In the 2005–06 season, the Carter-Kidd duo co-led the Nets to 49 wins, an Atlantic Division title, and the No. 3 seed in the playoffs. Carter helped lead the Nets to the second round of the playoffs before losing to the eventual NBA champions Miami Heat in five games. Carter averaged 29.6 points, 7.0 rebounds and 5.3 assists in 11 playoff games. Carter was named an Eastern Conference All-Star in 2006. On November 7, 2005, Carter threw down a very memorable dunk against the Miami Heat, over defensive stalwart, Alonzo Mourning. On December 23, 2005, Carter set an NBA record for the most free throws made in a quarter (4th quarter) with 16 against Miami. He tied his career-high of 51 points in the same game.

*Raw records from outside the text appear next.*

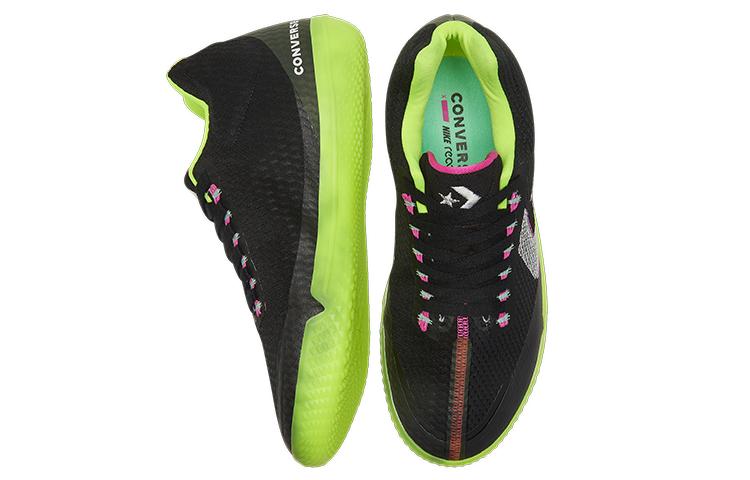 Men's Sneakers Converse All Star BB Evo Hi-Vis Black Lemon Venom Black/Lemon Venom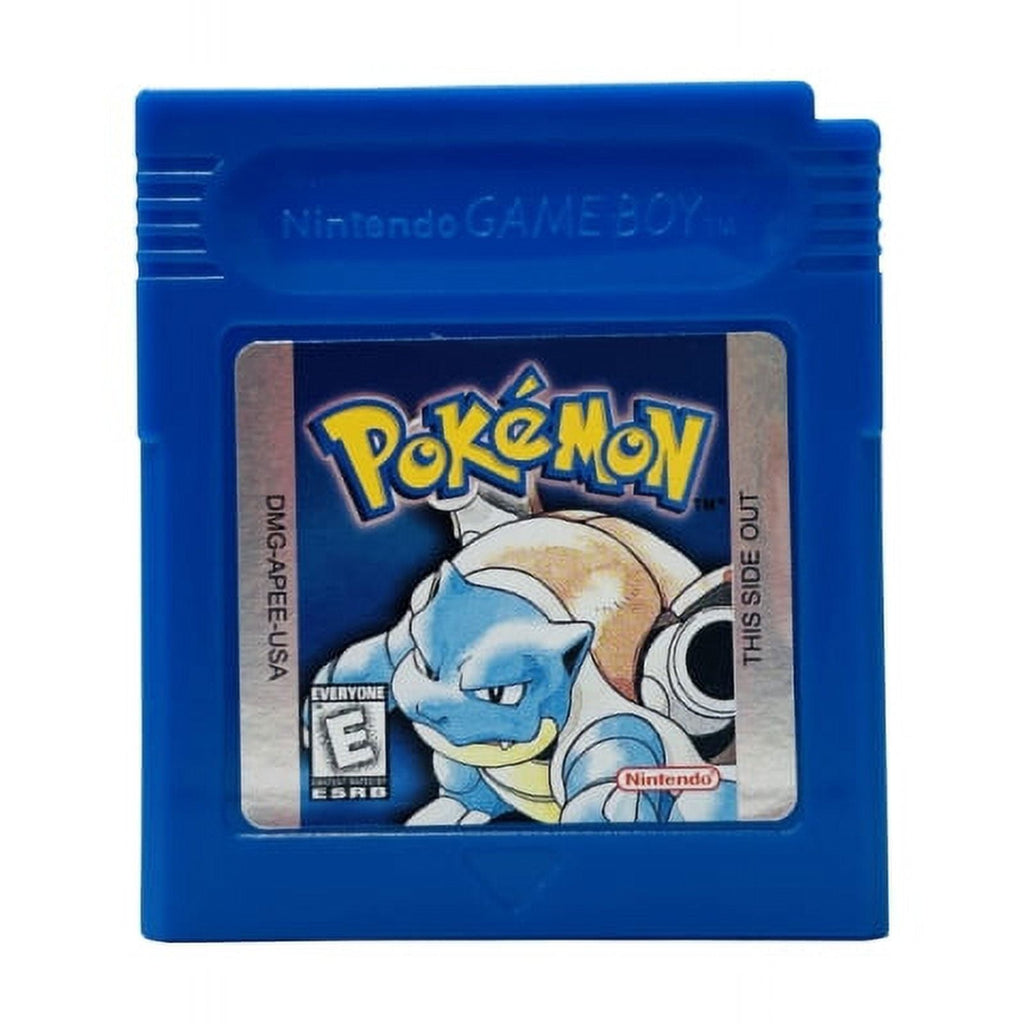 Game Boy Color PokémonGreen Gold Silver Blue Yellow Red | Tested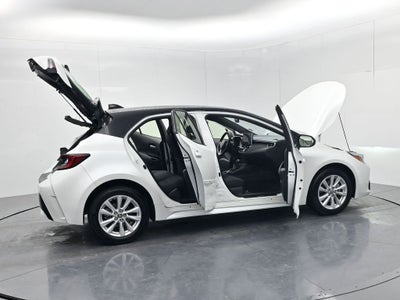 2023 Toyota Corolla Hatchback SE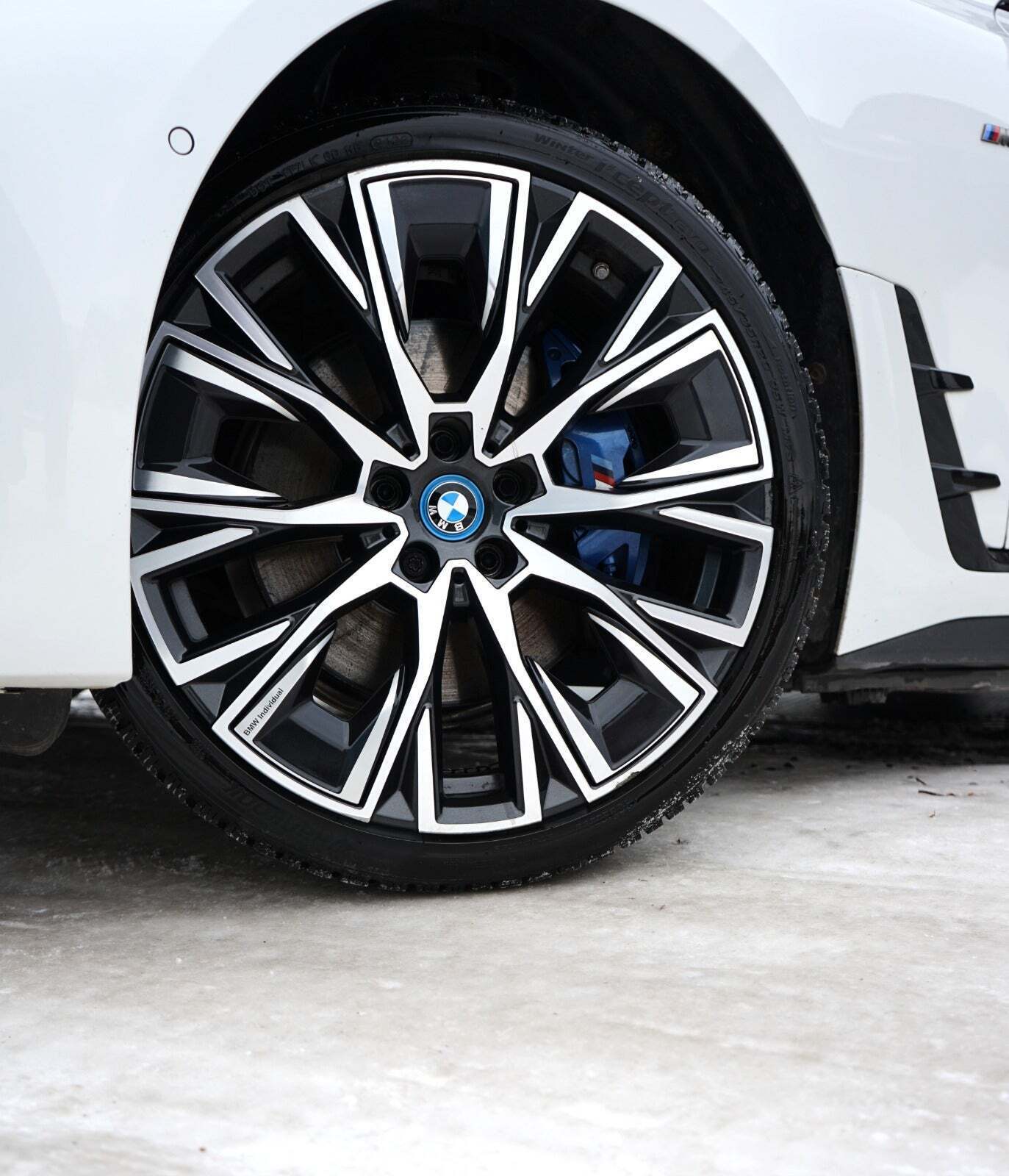BMW i4 M50 M-Sport xDrive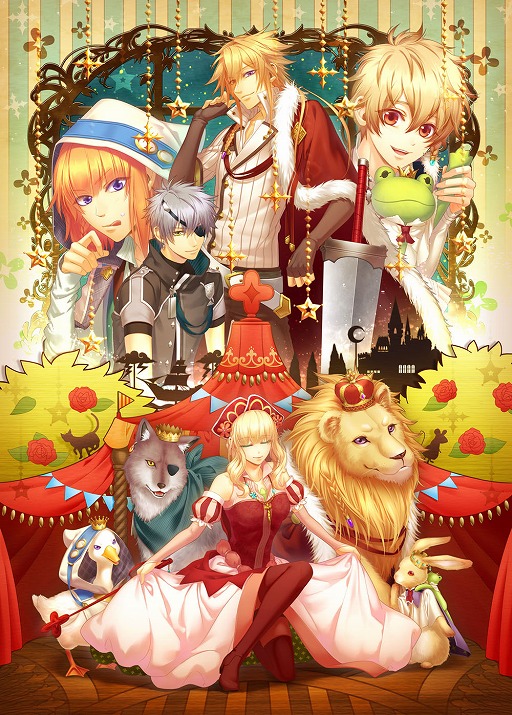 画像ギャラリー No.002のサムネイル画像 / 「猛獣使いと王子様 〜Flower & Snow〜」のスマホアプリ版が配信決定。事前登録受付も開始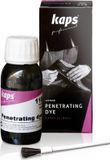Leerverf Kaps Indringverf voor gladleer om te verven - (106) Donker Bruin - 50ml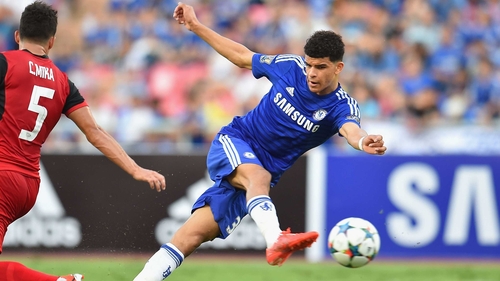 Dominic Solanke will join Liverpool on 1 July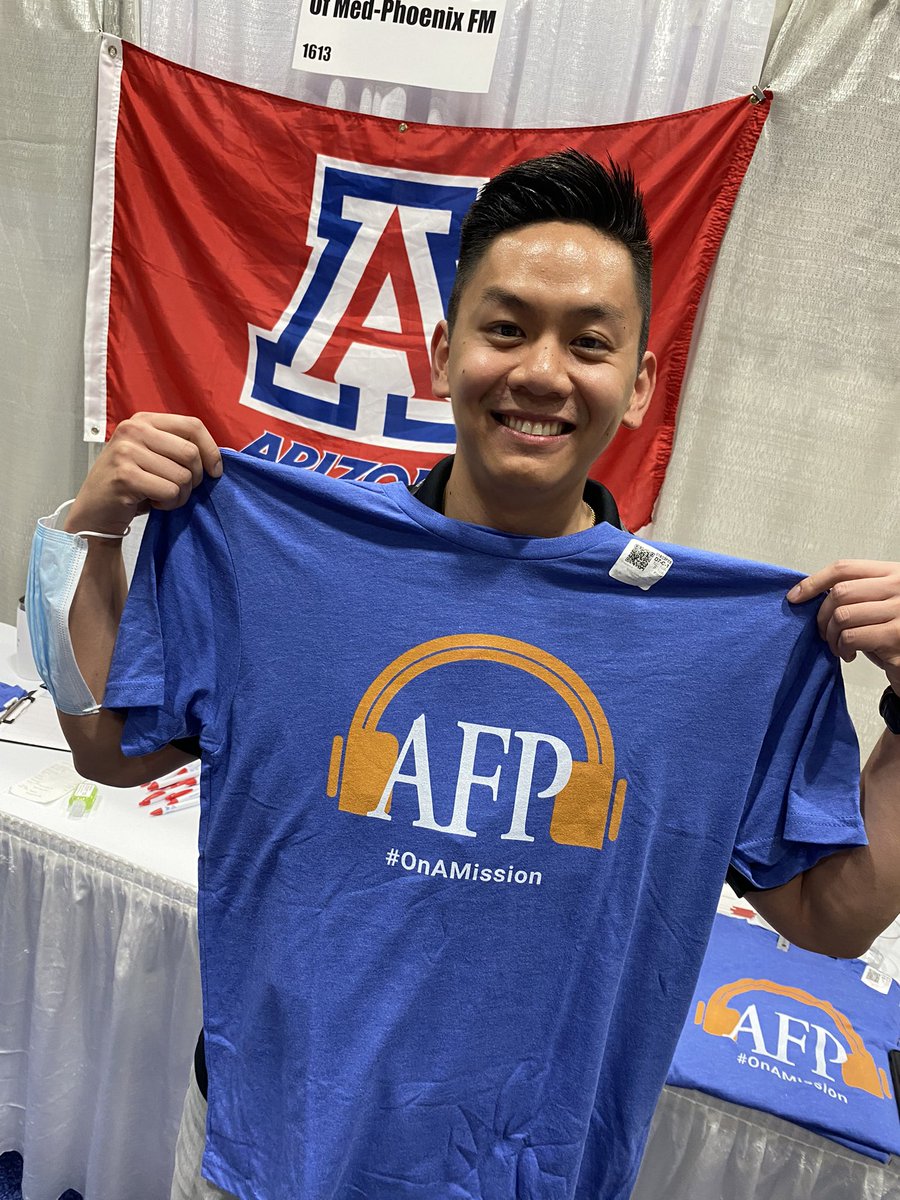 AFPpodcast's tweet photo. T-shirt raffle winners! #AAFPNC thanks for listening! #OnAMission ⭐️⭐️⭐️⭐️⭐️ https://t.co/IWKlPme4Ik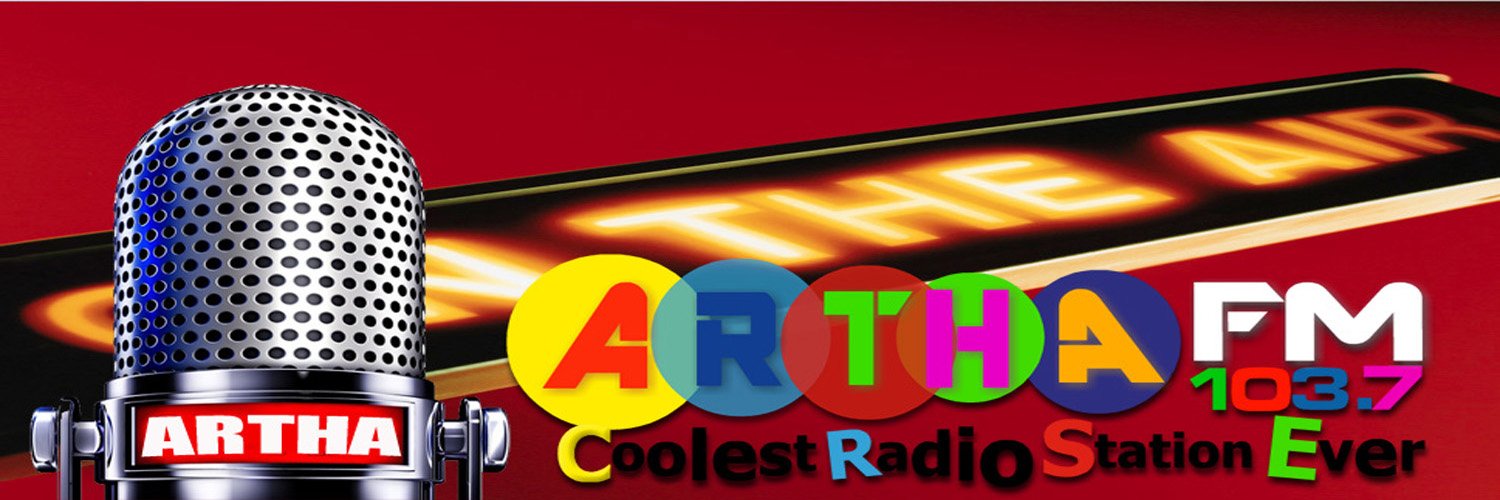 artharadio's profile banner image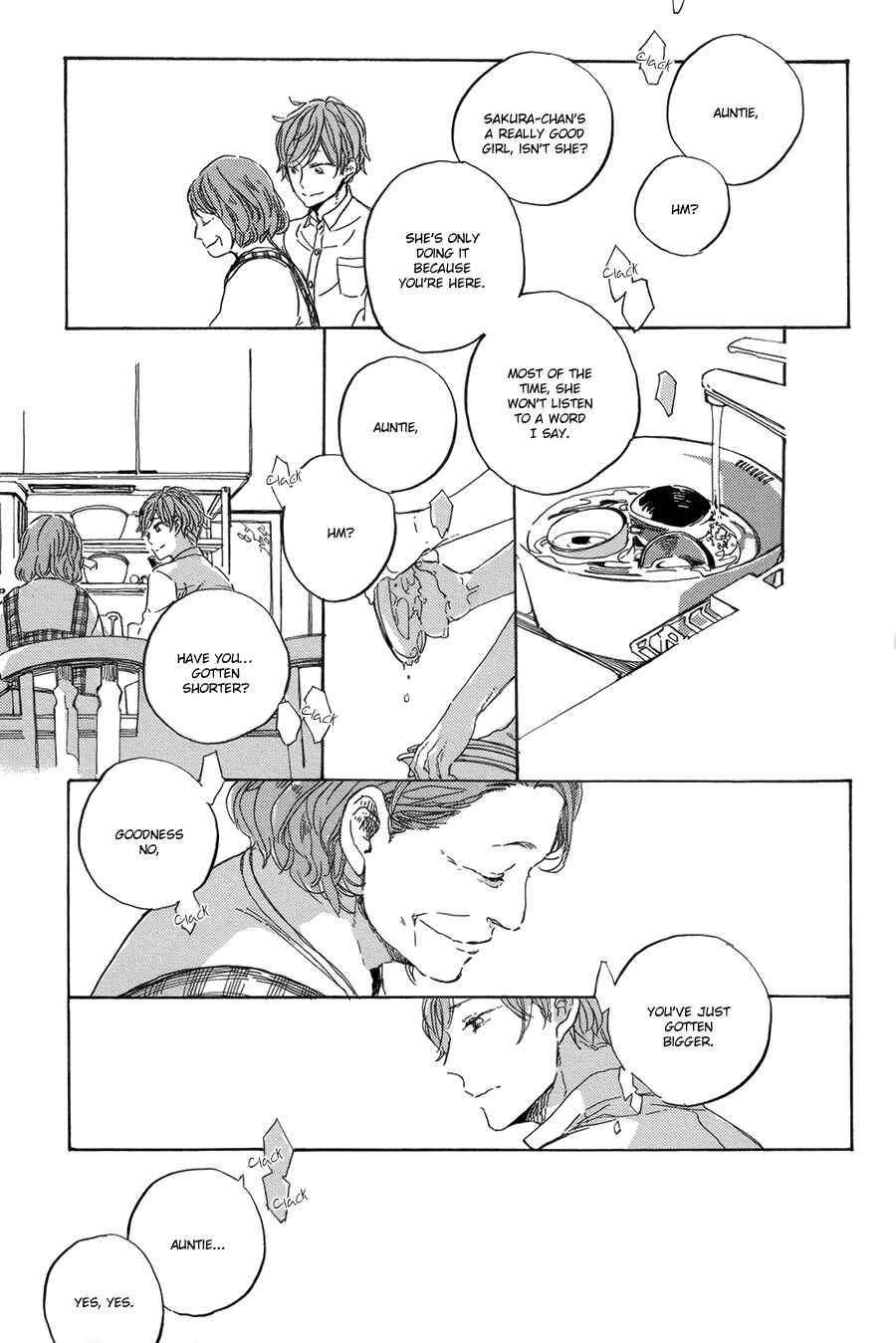 Page 20 Chapter 4 Yoake ni Furu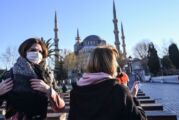 İlk 2 ayda İstanbul'un turist sayısı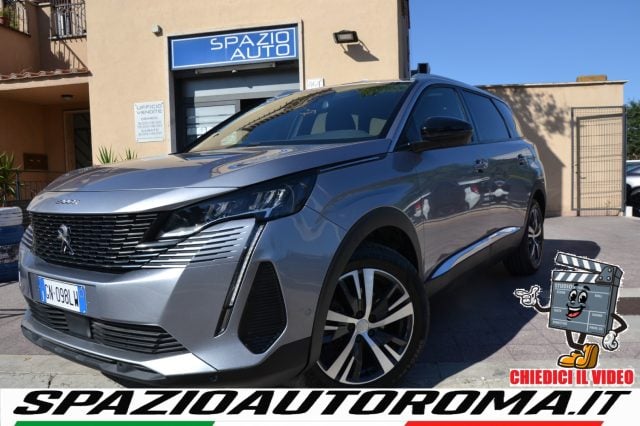 Peugeot 5008 1.5 HDi 130CV 7 POSTI AUT.**PREZZO REALE**UNIPRO'*, del 2023, 53.000 km, in vendita a Roma (RM)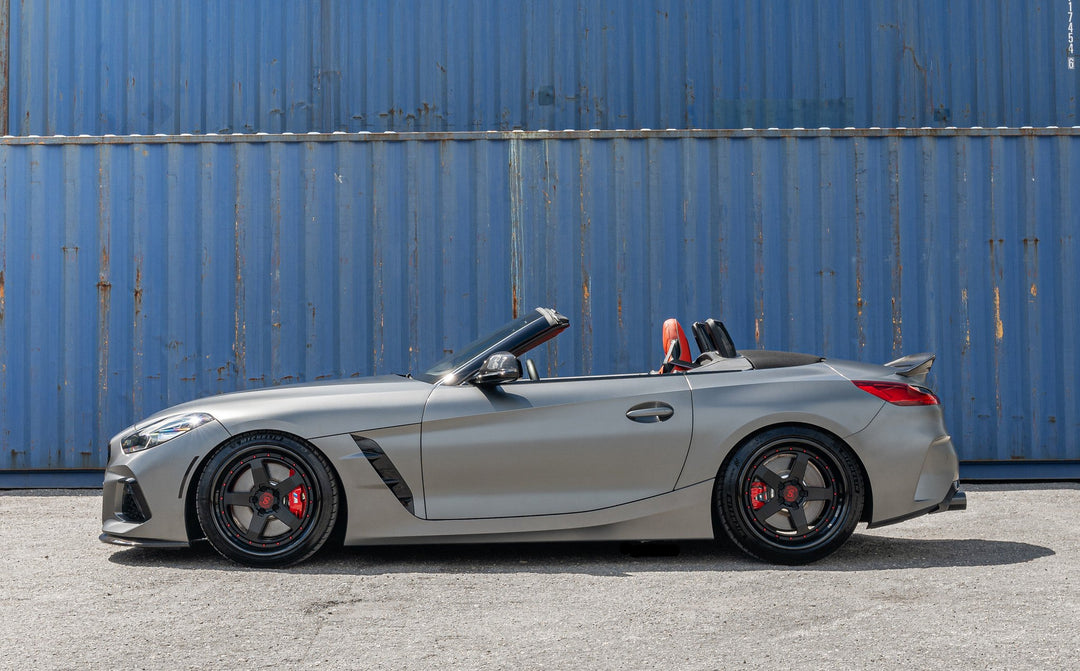 BMW G29 Z4 FORGED WHEELS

In the 2006–07 season, Carter was named as a reserve to the 2007 NBA All-Star Game, marking his eighth All-Star appearance. In a 120–114 overtime win over the Washington Wizards on April 7, 2007, Carter and Kidd became the first teammates in over 18 years to record triple-doubles in the same game since the Chicago Bulls' Michael Jordan and Scottie Pippen achieved this feat against the Los Angeles Clippers in 1989. Carter finished with 46 points, a career-high 16 rebounds, and 10 assists. Kidd finished with 10 points, tied a career high with 16 rebounds, and tied a season high with 18 assists. Carter finished the 2006–07 season playing all 82 games, averaging over 25 points with a 21 PER.

In July 2007, Carter re-signed with the Nets to a four-year, $61.8 million contract.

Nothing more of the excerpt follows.